Der Stern, der vom Himmel fällt
Nicht nur große, sondern selbst einfache Fragen führen selten zu einer einzigen und klaren Antwort, mit der dann alles geklärt - aufgeklärt - ist. Vielmehr können oftmals mehrere Erwiderungen oder Erläuterungen gleichberechtigt nebeneinander bestehen, wie auch Kafka in seinen Tagebüchern feststellt. So selbstverständlich dies ist, es bedeutet nicht nur nebenbei, daß nach jeder erläuternden Feststellung weitere Fragen auftauchen, deren Antworten dann dasselbe Schicksal erfahren, wie in den Zeilen zu lesen ist, die Erich Kästner „Sokrates zugeeignet“ hat: Das Fragen bleibt den Menschen aufgegeben. Mit seiner Hilfe können sie schrittweise das Wissen ansammeln, über dessen Erwerb sie sich dann ein Leben lang freuen können, weil es nie zum Abschluß kommen wird.
Es gilt, sich klarzumachen, daß die eben geschilderte Situation bei aller Neugierde gerade das nicht liefert, was Philosophen der Aufklärung im Grunde ihres Herzens erwartet haben. In ihrer Sicht können Menschen vernünftige Fragen über die Welt stellen und darauf vernünftige Antworten geben, und mit ihnen wissen sie dann ein für alle Mal Bescheid. Das meinten Kant und seine Kollegen. Aber die Verhältnisse, sie sind nicht so. Auf vernünftige Fragen - „Was ist Licht?“ oder „Was ist Wasser?“ - gibt es mehrere vernünftige Antworten: Licht ist Welle und Teilchen zugleich, und Wasser ist sowohl ein Molekül (H2O) als auch eine Flüssigkeit.

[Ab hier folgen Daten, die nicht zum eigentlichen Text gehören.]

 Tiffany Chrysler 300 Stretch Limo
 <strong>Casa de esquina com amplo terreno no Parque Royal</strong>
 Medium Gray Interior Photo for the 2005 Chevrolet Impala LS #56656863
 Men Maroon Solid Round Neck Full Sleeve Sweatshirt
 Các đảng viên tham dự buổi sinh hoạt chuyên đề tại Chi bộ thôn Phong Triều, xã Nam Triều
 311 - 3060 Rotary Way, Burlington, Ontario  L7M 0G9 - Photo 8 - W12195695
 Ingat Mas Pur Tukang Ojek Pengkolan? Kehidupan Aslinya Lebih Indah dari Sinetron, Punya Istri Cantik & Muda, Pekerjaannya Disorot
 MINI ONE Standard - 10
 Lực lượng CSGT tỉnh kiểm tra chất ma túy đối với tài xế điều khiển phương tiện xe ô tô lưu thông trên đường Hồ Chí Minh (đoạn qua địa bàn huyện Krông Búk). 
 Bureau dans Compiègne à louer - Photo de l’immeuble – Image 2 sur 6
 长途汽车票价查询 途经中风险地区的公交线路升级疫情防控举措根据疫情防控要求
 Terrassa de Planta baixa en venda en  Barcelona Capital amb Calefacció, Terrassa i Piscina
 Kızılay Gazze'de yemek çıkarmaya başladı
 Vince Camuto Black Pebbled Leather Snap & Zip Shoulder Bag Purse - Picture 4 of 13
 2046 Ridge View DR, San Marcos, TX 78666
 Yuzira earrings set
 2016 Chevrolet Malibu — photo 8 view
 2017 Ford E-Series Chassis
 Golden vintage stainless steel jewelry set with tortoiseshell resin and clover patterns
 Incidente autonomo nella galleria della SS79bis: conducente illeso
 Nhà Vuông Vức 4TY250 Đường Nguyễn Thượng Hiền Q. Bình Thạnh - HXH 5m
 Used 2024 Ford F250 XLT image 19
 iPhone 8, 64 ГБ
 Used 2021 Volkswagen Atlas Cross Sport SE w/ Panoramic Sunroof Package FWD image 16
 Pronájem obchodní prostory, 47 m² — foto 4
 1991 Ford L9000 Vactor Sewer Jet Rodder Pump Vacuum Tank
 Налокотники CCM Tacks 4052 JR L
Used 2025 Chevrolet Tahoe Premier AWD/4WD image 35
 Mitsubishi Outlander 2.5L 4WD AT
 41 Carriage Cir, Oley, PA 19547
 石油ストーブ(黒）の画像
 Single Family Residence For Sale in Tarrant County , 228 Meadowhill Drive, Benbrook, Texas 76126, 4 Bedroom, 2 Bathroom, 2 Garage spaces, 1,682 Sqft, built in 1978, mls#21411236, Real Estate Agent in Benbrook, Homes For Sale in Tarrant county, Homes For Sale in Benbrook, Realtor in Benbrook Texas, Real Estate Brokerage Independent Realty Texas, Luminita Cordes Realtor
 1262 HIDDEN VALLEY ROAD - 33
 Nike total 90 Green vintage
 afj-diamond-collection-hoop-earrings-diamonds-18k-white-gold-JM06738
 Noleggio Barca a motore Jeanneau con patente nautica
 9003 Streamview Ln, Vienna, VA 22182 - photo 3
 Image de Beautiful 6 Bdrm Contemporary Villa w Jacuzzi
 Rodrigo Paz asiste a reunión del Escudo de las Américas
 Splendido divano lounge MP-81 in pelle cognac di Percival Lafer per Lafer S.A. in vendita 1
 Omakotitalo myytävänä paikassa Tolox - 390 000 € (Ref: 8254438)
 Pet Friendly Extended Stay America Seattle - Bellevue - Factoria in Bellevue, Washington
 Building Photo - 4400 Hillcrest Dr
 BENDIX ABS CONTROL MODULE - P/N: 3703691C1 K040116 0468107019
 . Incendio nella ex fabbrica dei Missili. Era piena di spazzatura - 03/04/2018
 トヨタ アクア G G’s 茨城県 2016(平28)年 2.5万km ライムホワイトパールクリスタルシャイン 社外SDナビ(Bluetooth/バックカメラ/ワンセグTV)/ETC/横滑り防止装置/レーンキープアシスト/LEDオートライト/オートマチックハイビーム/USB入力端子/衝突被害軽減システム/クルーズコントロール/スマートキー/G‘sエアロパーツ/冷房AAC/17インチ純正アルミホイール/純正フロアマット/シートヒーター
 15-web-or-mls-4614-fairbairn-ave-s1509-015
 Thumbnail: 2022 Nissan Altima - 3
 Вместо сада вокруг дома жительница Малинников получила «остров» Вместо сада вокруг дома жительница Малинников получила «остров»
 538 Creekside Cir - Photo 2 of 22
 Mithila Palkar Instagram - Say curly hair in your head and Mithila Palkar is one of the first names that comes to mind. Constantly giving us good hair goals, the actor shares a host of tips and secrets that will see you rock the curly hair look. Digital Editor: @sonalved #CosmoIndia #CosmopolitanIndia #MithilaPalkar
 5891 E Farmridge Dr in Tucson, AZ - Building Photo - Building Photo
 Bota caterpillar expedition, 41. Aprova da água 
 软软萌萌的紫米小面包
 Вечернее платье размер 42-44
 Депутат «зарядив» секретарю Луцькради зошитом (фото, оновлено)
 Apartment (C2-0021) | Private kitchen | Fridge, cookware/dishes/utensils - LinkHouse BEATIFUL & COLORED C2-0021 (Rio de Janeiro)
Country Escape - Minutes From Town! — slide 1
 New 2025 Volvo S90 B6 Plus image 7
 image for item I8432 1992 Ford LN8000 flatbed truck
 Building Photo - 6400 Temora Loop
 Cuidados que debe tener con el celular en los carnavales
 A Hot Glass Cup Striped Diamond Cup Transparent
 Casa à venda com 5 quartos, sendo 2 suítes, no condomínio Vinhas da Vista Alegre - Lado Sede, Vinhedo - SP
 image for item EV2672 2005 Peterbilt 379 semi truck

Und diese Antworten können sich sogar widersprechen. Das ist in der Epoche, die nach der Aufklärung kam, den neugierigen Menschen erstmals aufgefallen und hat ihnen dann sogar gefallen. Gemeint ist die Romantik. Deren Vertreter bemerkten auch, daß es neben den in der Welt vorgefundenen Tatsachen noch die von Menschen geschaffenen Werte gibt. Auch sie spielen bei vielen Antworten mit - und beileibe nicht nur bei Diskussionen über Themen der Art: „Was muß man wissen?“, „Auf wen soll man hören?“, „Was ist ein gutes Leben?“ oder „Was macht einen Menschen fröhlich?“ Sondern auch, wenn man zum Beispiel herausbekommen möchte, warum die Sterne funkeln und warum sie nicht vom Himmel fallen. Eine zufriedenstellende Antwort darauf kann sich nicht auf physikalische Tatsachen beschränken. Eine „rationalistische Erklärung“, wie Kafka es genannt hat, reicht nicht. Vielmehr kommt es auch auf das seelische Gemüt an, das sich an der kosmischen Glitzerwelt in der Nacht ergötzt und es dem Philosophen Kant erlaubt hat, sein inneres Moralgesetz an dem Sternenmeer auszurichten.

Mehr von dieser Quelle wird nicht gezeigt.